If $\lim_{x\to \infty} \left(1+\frac{a}{x}+\frac{b}{x^2}\right)^{2x} = e^2$, find $a,b\in \mathbb{R}$

Question

If $\displaystyle\lim_{x\to \infty} \left(1+\frac{a}{x}+\frac{b}{x^2}\right)^{2x} = e^2$, find $a,b\in \mathbb{R}$

I tried this by converting the expression given inside the brackets (denote by $f(x)$) into $e^\left({\displaystyle\lim_{x\to \infty}{2x}{\ln(f(x))}}\right)$ and then evaluating the power with $2$. But I didn't really get the correct solution.

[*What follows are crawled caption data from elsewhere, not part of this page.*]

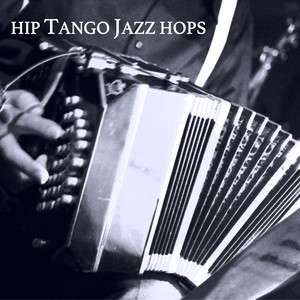 Hip Tango Jazz Hops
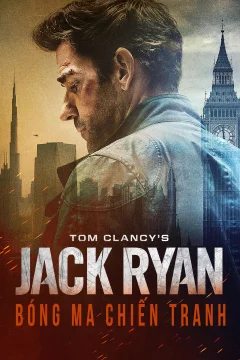Xem phim Siêu Điệp Viên Jack Ryan: Bóng Ma Chiến Tranh - RoPhim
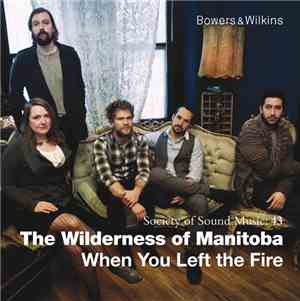 The Wilderness Of Manitoba - When You Left The Fire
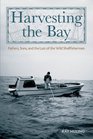 Harvesting the Bay Fathers Sons and the Last of the Wild Shellfishermen
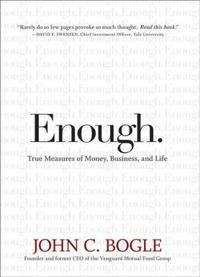 Enough: True Measures of Money, Business, and Life; John C. Bogle; 2008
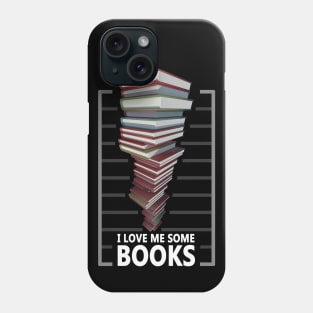 I love me some books - Book lovers quote Phone Case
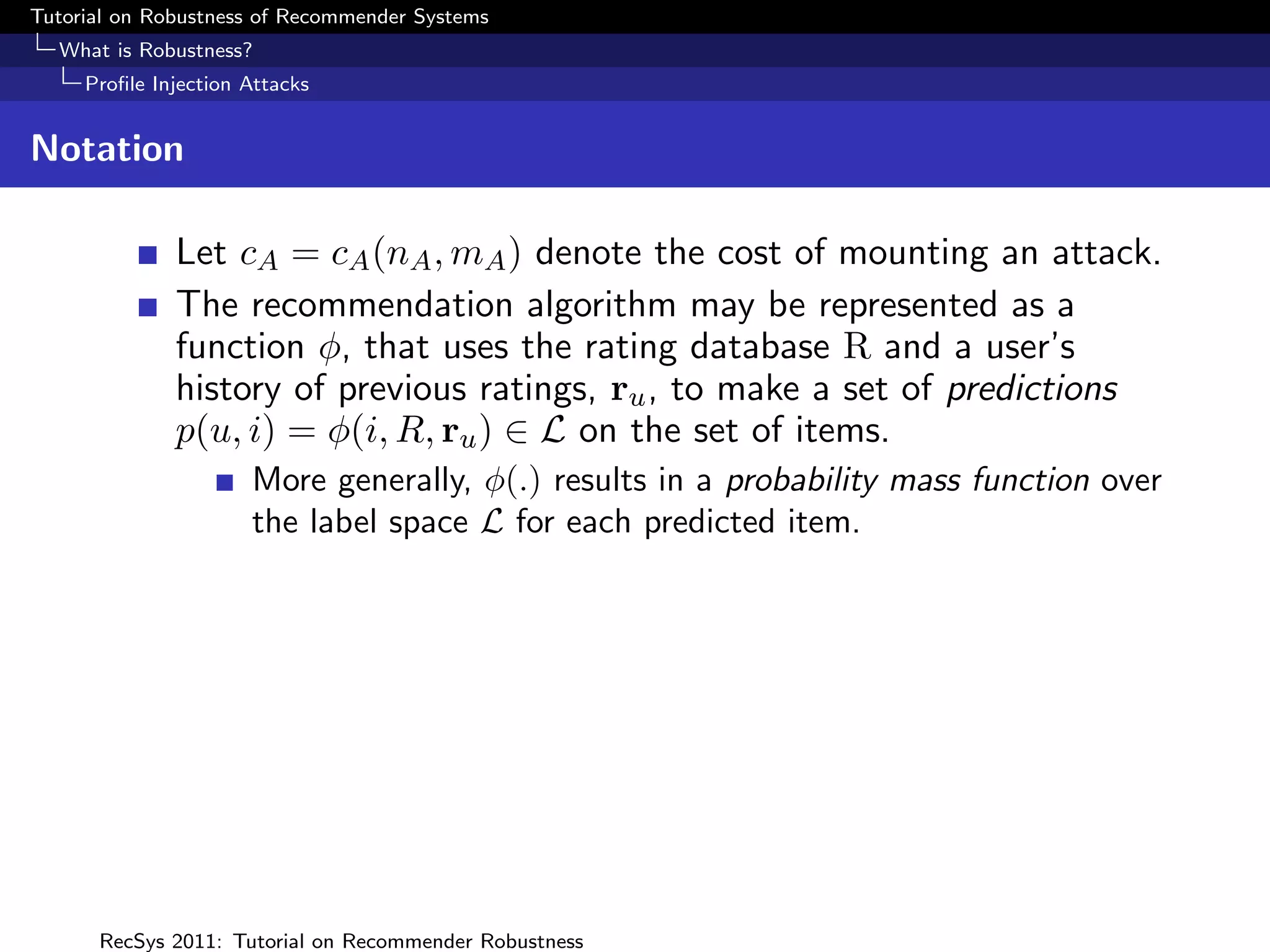 Tutorial on Robustness of Recommender Systems
  What is Robustness?
     Proﬁle Injection Attacks


Notation

              Let cA = cA (nA , mA ) denote the cost of mounting an attack.
              The recommendation algorithm may be represented as a
              function φ, that uses the rating database R and a user’s
              history of previous ratings, ru , to make a set of predictions
              p(u, i) = φ(i, R, ru ) ∈ L on the set of items.
                      More generally, φ(.) results in a probability mass function over
                      the label space L for each predicted item.




      RecSys 2011: Tutorial on Recommender Robustness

I found a solution here but I couldn't understand how they did. I feel that they were along the same lines as I except that either of us did something wrong.

Answer 1

Note that we have

$$\left(1+\frac{a}{x}+\frac{b}{x^2}\right)^{2x}=\left[\left(1+\frac{ax+b}{x^2}\right)^{\frac{x^2}{ax+b}}\right]^\frac{2ax^2+2xb}{x^2}\to e^{2}$$

when $a=1$ for every $b$.

Answer 2

we know that

$$\ln (1+X)\sim X (X\to 0)$$

thus

$$\ln (1+\frac {a}{x}+\frac{b}{x^2})=$$ $$\ln\Bigl(1+\frac {a}{x}(1+\frac {b}{ax})\Bigr)$$ $$\sim \frac{a}{x} \; (x\to +\infty)$$

the limit is surely $$e^{2a} $$

So $a=1$ and $b $ is arbitrary.

Answer 3

With $f(x)=1+\frac{a}{x}+\frac{b}{x^2}$ you have when $ x \to + \infty$: $$\ln(f(x))= \ln \left(1+\frac{a}{x}+o\left(\frac{1}{x} \right) \right)=\frac{a}{x}+o\left(\frac{1}{x}\right)$$ so: $$ 2x \ln(f(x))= 2a+o(1)$$ i.e: $$\lim_{x \to + \infty} 2x \ln(f(x))=2a$$

Answer 4

Set $$1+\frac{a}{x}+\frac{b}{{{x}^{2}}}=\left( 1+\frac{\alpha }{x} \right)\left( 1+\frac{\beta }{x} \right)=1+\frac{\alpha +\beta }{x}+\frac{\alpha \beta }{{{x}^{2}}}$$ So $$a=\alpha +\beta \ \ \text{ and }\ \ b=\alpha \beta ,$$ Now $$\underset{x\to \infty }{\mathop{\lim }}\,{{\left( 1+\frac{a}{x}+\frac{b}{{{x}^{2}}} \right)}^{2x}}=\underset{x\to \infty }{\mathop{\lim }}\,{{\left( 1+\frac{\alpha }{x} \right)}^{2x}}{{\left( 1+\frac{\beta }{x} \right)}^{2x}}={{e}^{2\alpha }}{{e}^{2\beta }}={{e}^{2\left( \alpha +\beta \right)}}={{e}^{2a}}$$ Hence ${{e}^{2a}}={{e}^{2}}\Rightarrow a=1$ and the valve of $b$ is arbitrary.

Answer 5

You can use the Taylor series of $ln(1+u) = u-\frac{u^2}{2}+\frac{u^3}{3} ...$

Thus, letting $u=\frac{a}{x}+\frac{b}{x^2}$ we have
$ln(1+\frac{a}{x}+\frac{b}{x^2})^{2x} = 2x\left( (\frac{a}{x}+\frac{b}{x^2})-(\frac{a}{x}+\frac{b}{x^2})^2 ...\right) = 2a+\frac{2b-a^2}{x} ...$

All further terms will have even higher powers of $x$ in the denominator, so as $x \rightarrow \infty$, they go to zero. Taking the log of the other side, you get $2a = 2e$, so $a = 1$ and b is free.